- Goal of the exercise: Could you set down every entry exactly as it stands, without the images?

[Web page caption snippets]

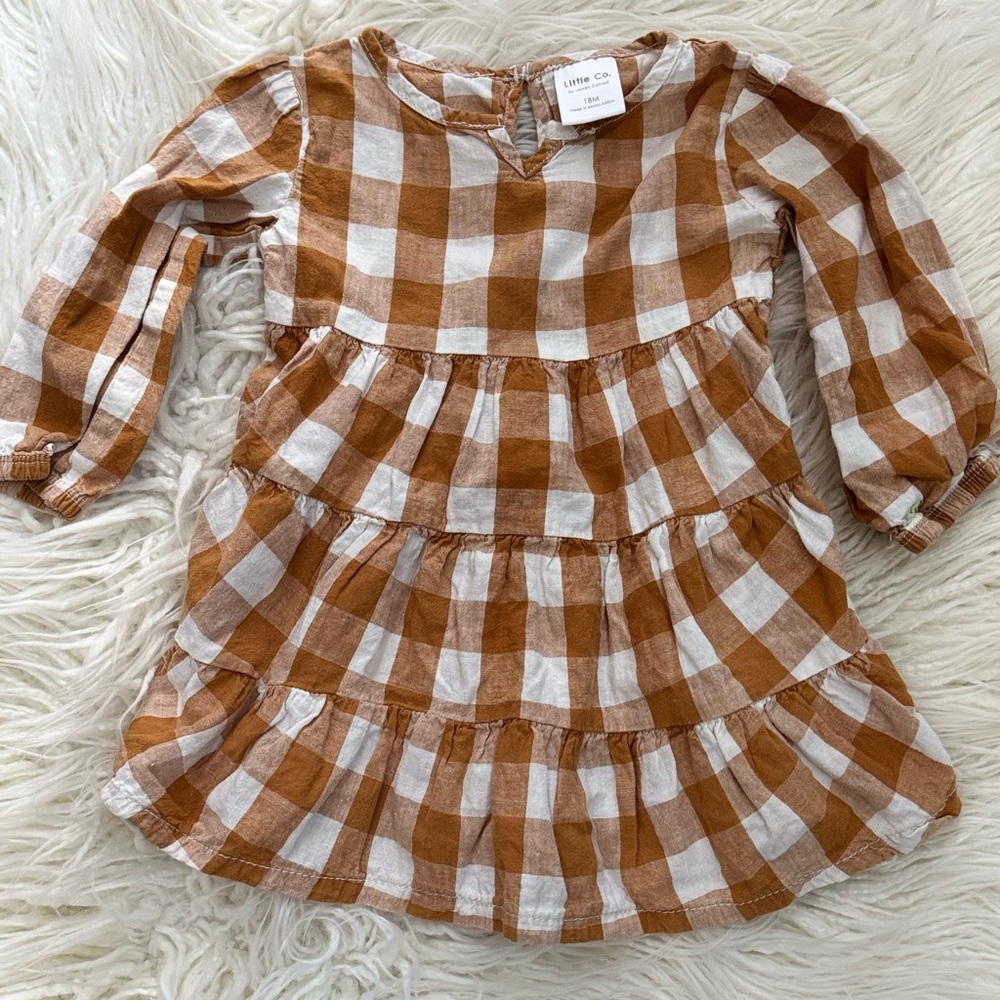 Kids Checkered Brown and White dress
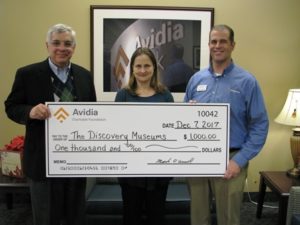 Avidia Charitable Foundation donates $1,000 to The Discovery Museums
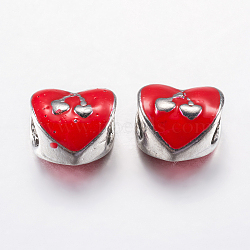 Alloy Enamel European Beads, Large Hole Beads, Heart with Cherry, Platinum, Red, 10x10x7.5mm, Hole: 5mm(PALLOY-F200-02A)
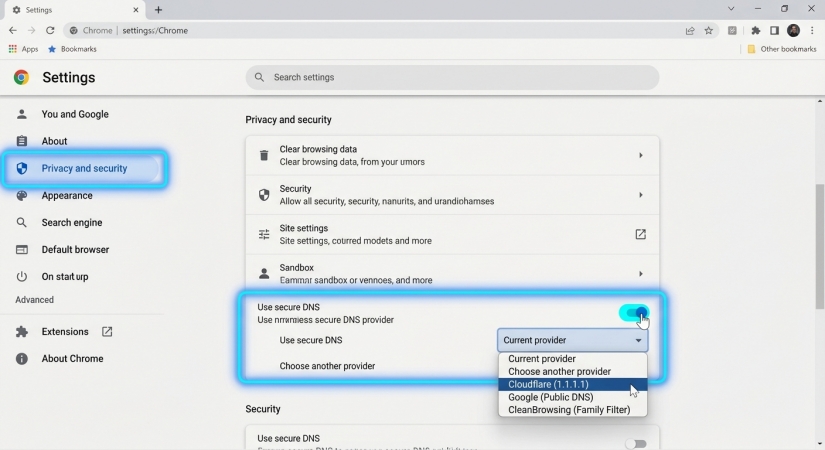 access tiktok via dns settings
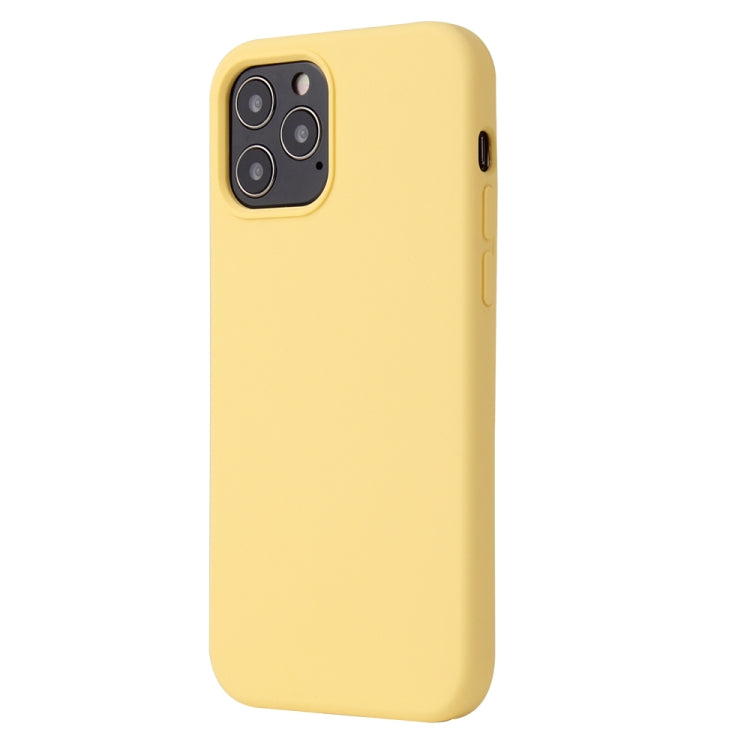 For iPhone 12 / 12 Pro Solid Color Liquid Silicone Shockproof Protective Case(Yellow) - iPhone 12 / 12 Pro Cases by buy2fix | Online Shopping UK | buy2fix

- Result:
 Kids Checkered Brown and White dress
 Avidia Charitable Foundation donates $1,000 to The Discovery Museums
 Alloy Enamel European Beads, Large Hole Beads, Heart with Cherry, Platinum, Red, 10x10x7.5mm, Hole: 5mm(PALLOY-F200-02A)
 access tiktok via dns settings
 For iPhone 12 / 12 Pro Solid Color Liquid Silicone Shockproof Protective Case(Yellow) - iPhone 12 / 12 Pro Cases by buy2fix | Online Shopping UK | buy2fix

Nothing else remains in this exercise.